There’s a new sound in New York City. OK, not a new sound, exactly – but try to dig back to its roots and you come up with little. Skeletal discographies. Blurred Polaroids. Cryptic biographies in foreign languages. Lost histories and loose ends.
Wierd Records thrive in this territory. Pieter Schoolworth, the DJ and conceptual artist who started Wierd as a New York club night in 2003, has a buzz-phrase for the music he loves, which he uses liberally and often – “Very Rare”.

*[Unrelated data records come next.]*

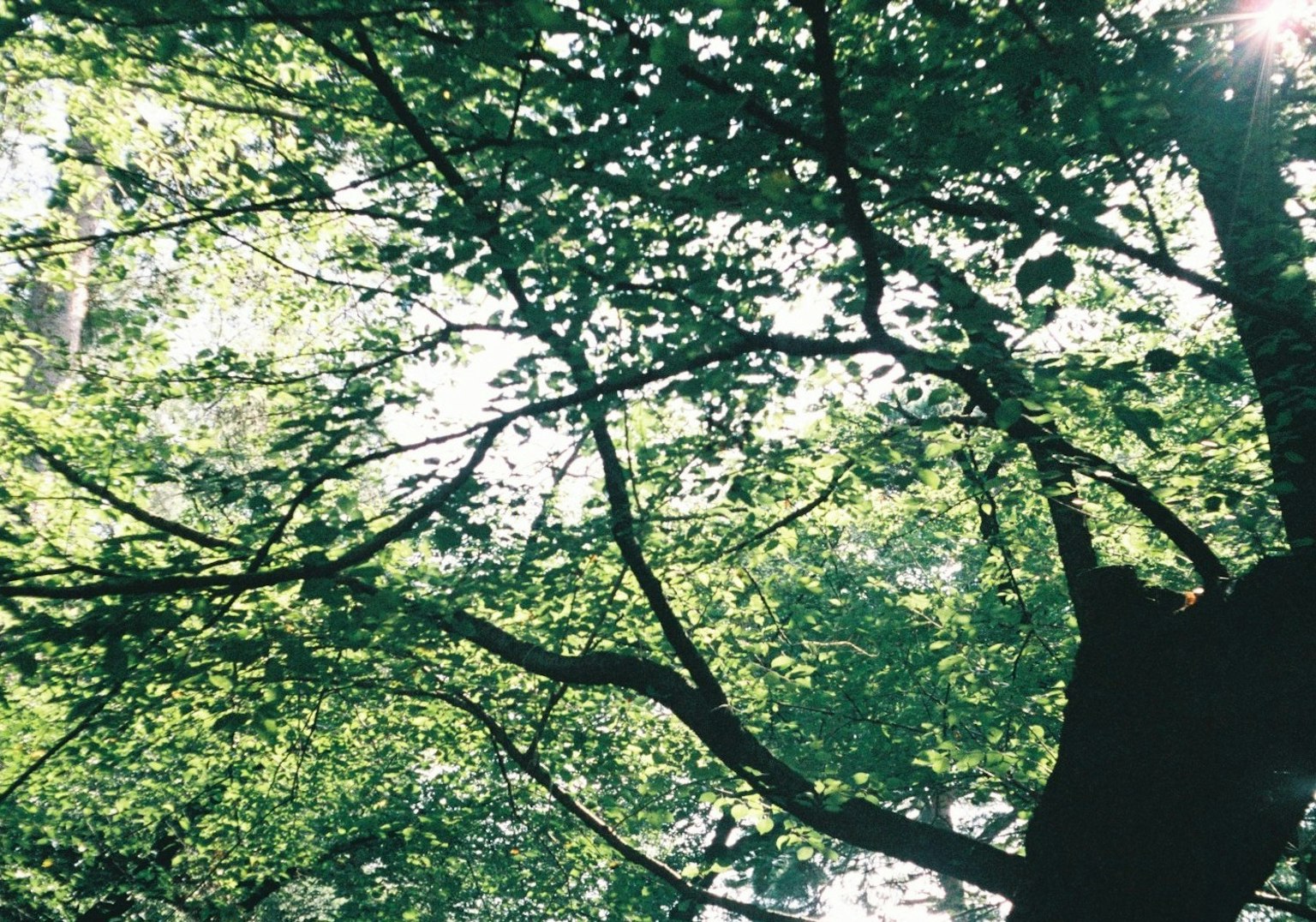 Tree branches with lush green leaves and sunlight filtering through a forest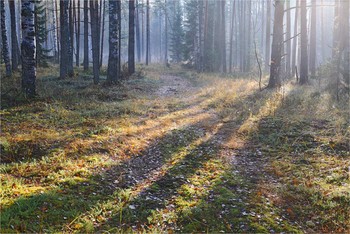 Утро в осеннем лесу / Утро в осеннем лесу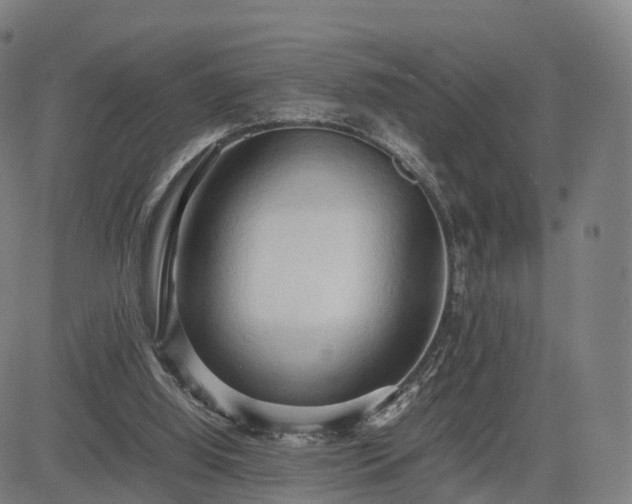 X0000083620060200702201327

“Very Rare” applies to a specific dancefloor sound – a generational movement that spread over Europe and across the world during the early 80s, but produced few huge bands or big stars. There are many names for it: synth-wave, minimal wave, Germany’s Neu Deutsch Welle or France’s vague froid – literally, “cold wave”. All, though, refer to a broadly similar style: romantic, often electronic-tinged DIY post-punk inspired by Bowie’s Berlin period and Factory Records, Cabaret Voltaire and The Normal – DIY in spirit but powered by an inexorable, robotic pulse. “The original waves of both the cold wave and the minimal electronic bands were a phenomenon that occurred entirely outside of metropolitan areas like Paris, Berlin, or Amsterdam,” says Schoolwerth. “Many of the most important bands were from the suburbs and small towns, and I think this sense of ‘isolation’ from commercial, metropolitan media informed the music’s expressive sense of longing for community or connection.”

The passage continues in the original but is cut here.